Executive Order 138, better known as Phase 1 of the reopening process, clearly singles out worship services for special restrictions, but the Republican senators in a letter dated Friday, May 8 ask what those restrictions mean for houses of worship.

The letter notes that “mass gatherings” of more than 10 people are prohibited, but worship services and other activities protected by the First Amendment are excluded from that prohibition.

The letter states, “We commend you decision to allow worship services to proceed. The right to worship is protected by the First Amendment and should never be infringed. Particularly during this time of crisis, people are relying on their faith and the support of their church families.”

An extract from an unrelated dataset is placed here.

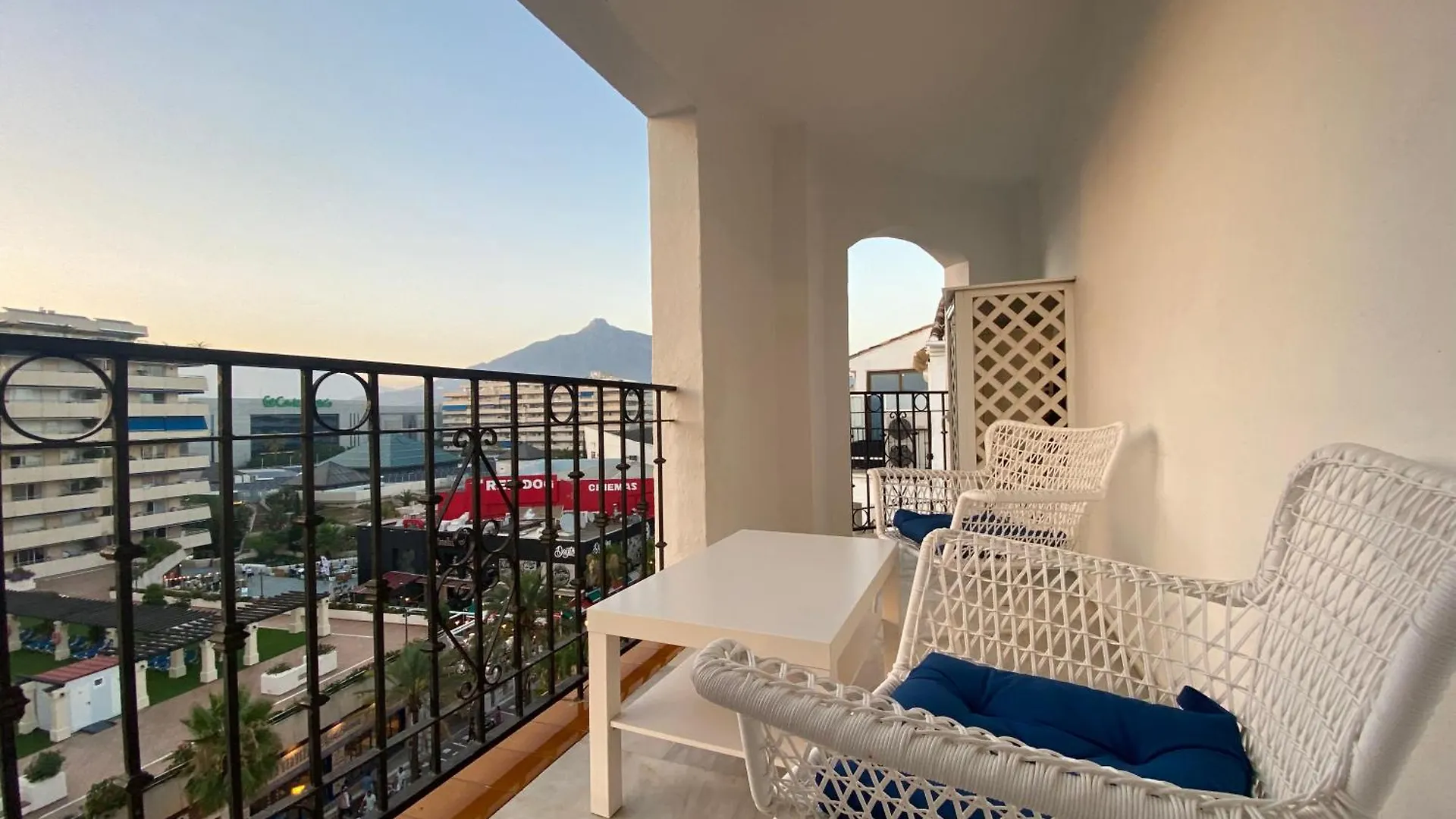 Beach & Puerto Banus Marbella Penthouse Apartment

But the letter notes that the Phase 1 order “provides that any worship services or other protected First Amendment activities excluded from your definition of mass gatherings ‘shall take place outdoors unless impossible.’ Many faith leaders and other constituents who are eager to resume worship services this Sunday have reached out to our offices with confusion of what conditions make an outdoor worship service ‘impossible.’”

The letter continues, “Is a worship service impossible in the event of severe weather, light rain, strong wind, heat or cold? Is it impossible if a particular church lacks suitable outdoor space to conduct a worship service for its congregation? Is it impossible to conduct a worship service outside if the audio, visual or other equipment necessary to conduct the service cannot be moved outside or is otherwise at risk of damage if moved outside?”

The letter asks for immediate clarification of the conditions that make an outdoor worship service “impossible” so that churches and faith organizations can make plans for their services without fear of criminal penalties “if they don’t reach the correct interpretation of ‘impossible.’”

The letter does not ask the larger question, which is why those who wish to exercise the freedom to shop, which is not protected by the First Amendment, are given far more leeway to exercise that freedom than those who wish to exercise their freedom to worship, which is protected.